В культуре XX века трагическое не просто в очередной раз подновило свои обличья. Не испытало оно недостатка и в новшествах по существу, хотя резко между собой несхожих, друг друга отвергающих. С одной стороны – «трагедия оптимистическая», вызывающе подчеркнувшая свою непривычность самим сращением двух как будто несовместимых понятий. С другой, в буржуазной культуре Запада – «пантрагическое», для которого связь времен на сей раз распалась так, что ее скорее всего уже не восстановить.

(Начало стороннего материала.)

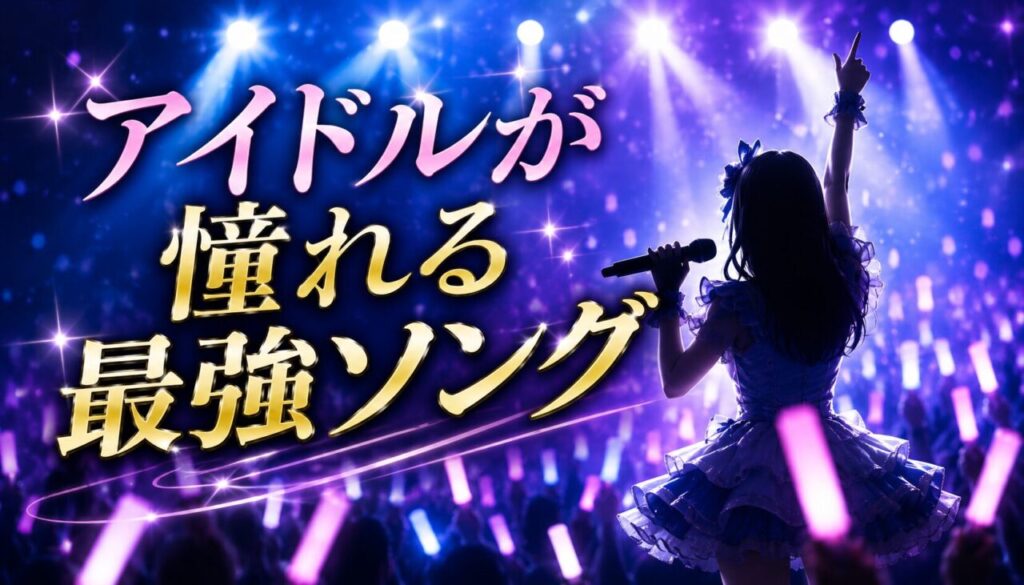 アイドルが憧れる最強ソング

Трагедия здесь предельно усугублена, – во всяком случае, лежащая на ней печать безысходности по-своему даже сильнее, чем у самой мрачной христианской апокалиптики с ее упованиями на нечто брезжущее впереди после «светопреставления».

Но, сделавшись поистине пантрагедией, она, в силу возросших перегрузок для претерпевающей ее личности – дабы удержаться на высоте трагического, а не соскользнуть до покаянно-жалобного плача и мизантропической истерики, – вынуждена дополнительно изыскивать скрытые резервы жизнестойкости.

Загробное воздаяние, бессмертие души, промысел Всевышнего как залог ненапрасности земных испытаний – этих утешений веры у противо-верия все-таки нет. Иными же оно, всецело поглощенное тем, что выясняет свои запутанные отношения с немотствующим небом, обзавестись не успело. Неразрешимость этого межеумочного состояния и грозит приступами уныния, упадка духа, когда жажда избавиться от маеты, ничем не оправданной и ничем не вознаграждаемой, нашептывает помыслы о самоубийстве – теперь уже не философском, а самом обычном, взаправду. После того как в «Мифе о Сизифе» уже вынесен не подлежащий обжалованию приговор: жизнь человеческая есть и во веки веков пребудет «абсурдом» – вразумительных причин возражать против отказа от нее вроде бы не сыскать. Разве что сослаться на врожденное, нерассуждающее отвращение живого к смерти. Тем не менее Камю опирает свое решительное «против» как раз на внятные умозаключения.